The FINANCIAL — Traffic congestion and vehicle emissions are expected to ease in the rapidly urbanizing city of Yichang with the start up of a new bus rapid transit system (BRT) on July 15.
The nearly 24 kilometers-long BRT, which is partly funded by a $150 million loan from the Asian Development Bank (ADB), connects the provincial bus terminal at one end, to a high-speed railway station at the other, along the main arterial route of the city. In between, the buses will pass through the main residential and business districts, as well as a logistics and industrial park. There are 37 stations along the route, according to ADB.
“In most medium-sized, and in many large cities such as Yichang, BRT is the best, most cost-effective, and most flexible option for public transport,” said Ki-Joon Kim, an ADB Senior Transport Specialist. “The project represents a new concept for small and medium-sized cities that links urban development to the expansion of public transport, and it provides a model of sustainable transport development that can be replicated in the PRC and across Asia.”
Yichang is the second largest city in the central province of Hubei, with a population of 4.1 million. Rapid growth in car ownership and limited land availability, has resulted in limited mobility and accessibility, road accidents, and air quality problems stemming from vehicle emissions.
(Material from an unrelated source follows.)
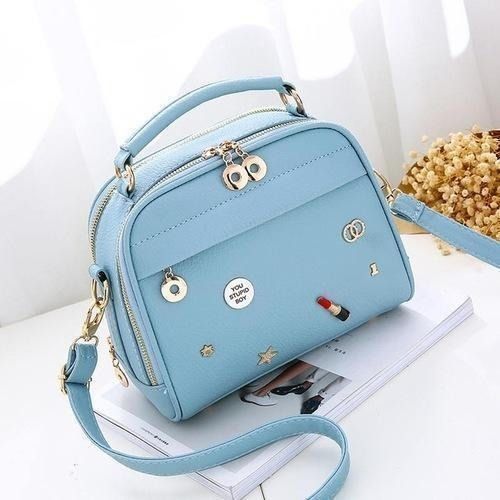 Women's Blue Designer Crossbody Bags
The new system will reduce annual carbon dioxide emissions by 5,332 tons in 2018, rising to 8,288 in 2030, which is equivalent to 2,204 and 3,426 tons of coal burned. Passenger numbers at stations along the route are expected to reach around 283,000 per day in 2018, increasing to 412,000 in 2030.
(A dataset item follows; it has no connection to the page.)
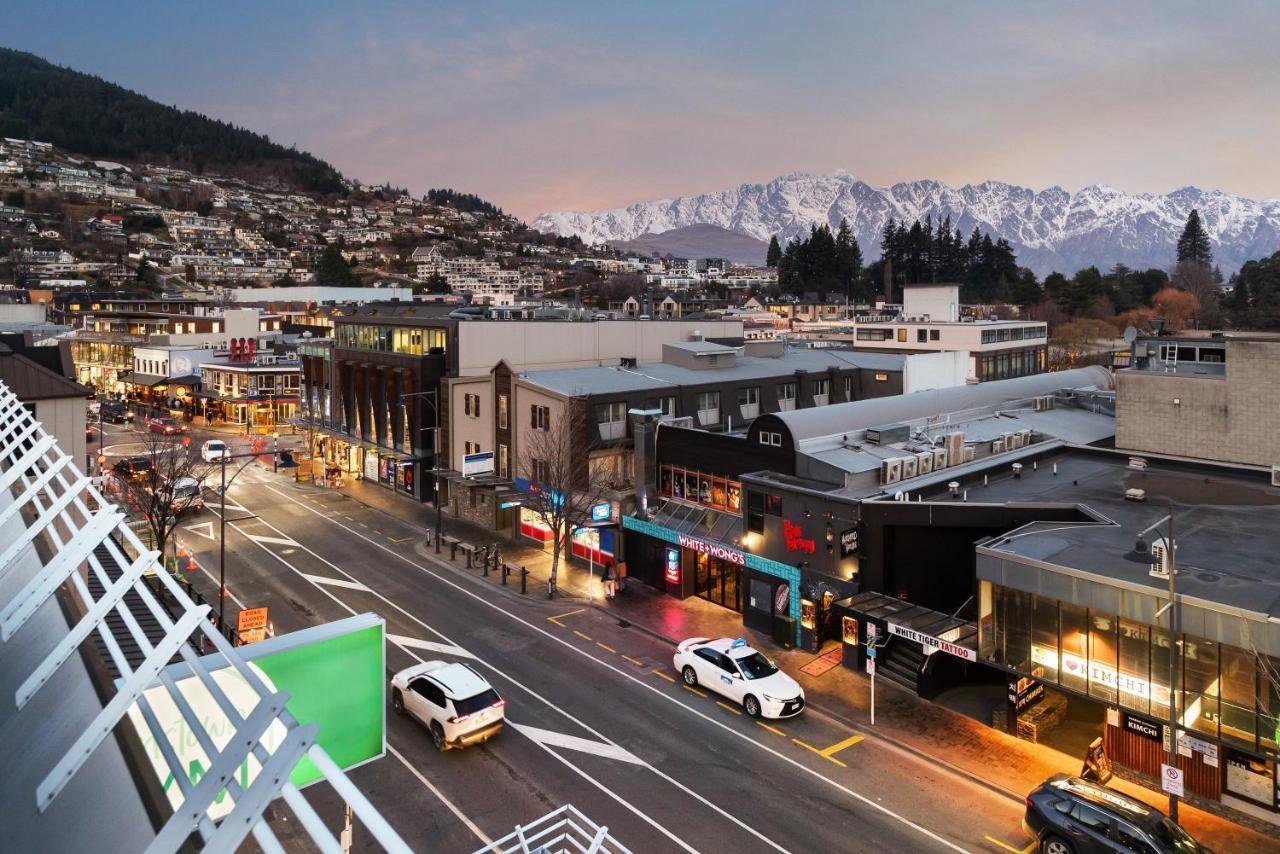 The Shotover Central Queenstown Luxury Exterior foto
The Yichang BRT system follows the success of a BRT system launched in 2013 in Lanzhou, the capital of Gansu province, providing convenient and sustainable mobility to the newly developed district in the city.
ADB, based in Manila, is dedicated to reducing poverty in Asia and the Pacific through inclusive economic growth, environmentally sustainable growth, and regional integration. Established in 1966, it is owned by 67 members—48 from the region. In 2014, ADB assistance totaled $22.9 billion, including cofinancing of $9.2 billion.